Troy R. Bennett | BDN
Troy R. Bennett | BDN
Portland City Manager Jon Jennings speaks to reporters in this BDN file photo. Jennings presented his fiscal year 2019 budget proposal to the City Council Monday.

A newly released municipal budget recommendation by City Manager Jon Jennings’ office suggests parking fees in Portland — including garages, metered, and monthly rates — may be on the rise.

Under the city manager’s proposed spending plan for the upcoming fiscal year, the city’s two Elm Street parking garages would see a $1-per-hour rate hike, and monthly rates would rise by $10. The proposal also raises citywide metered parking by 25 cents, which a city news release describes as being “in line with most cities.”

Jennings presented his $247 million municipal budget proposal to the City Council at its Monday night meeting. The recommended budget represents a 2.6 percent increase over the current fiscal year spending plan, or a tax increase of $69.55 on a home valued at $240,000.

The city budget must be approved by the council before it is implemented.

Jennings’ budget for fiscal year 2019, which begins July 1, 2018, includes funding for two electric vehicles and broader “effort to convert any gas/diesel motor equipment to electric models,” as well as a recommendation to split the city’s Waterfront and Public Buildings divisions from Parks and Recreation, which would “create three new full-time employees” and is intended to help the city manage and attract further growth.

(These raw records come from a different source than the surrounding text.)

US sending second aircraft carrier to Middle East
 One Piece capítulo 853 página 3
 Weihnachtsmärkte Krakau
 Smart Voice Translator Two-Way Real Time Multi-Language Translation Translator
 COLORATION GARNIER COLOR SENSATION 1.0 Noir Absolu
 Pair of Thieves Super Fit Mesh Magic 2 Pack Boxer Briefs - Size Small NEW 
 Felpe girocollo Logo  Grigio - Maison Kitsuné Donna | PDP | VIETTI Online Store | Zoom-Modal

“The council provided guidance for a tax rate increase between 2.5 percent to 2.9 percent increase,” Jennings said in a statement, adding, “I firmly believe that we cannot focus on one piece of government to the detriment of another. Unfortunately, this budget is not a step forward, rather it is status quo. The cuts and things we had to set aside would be much worse had we not already put in place a number of cost control measures.”

The proposal goes before the council on May 14 for discussion, with a final vote slated for May 21.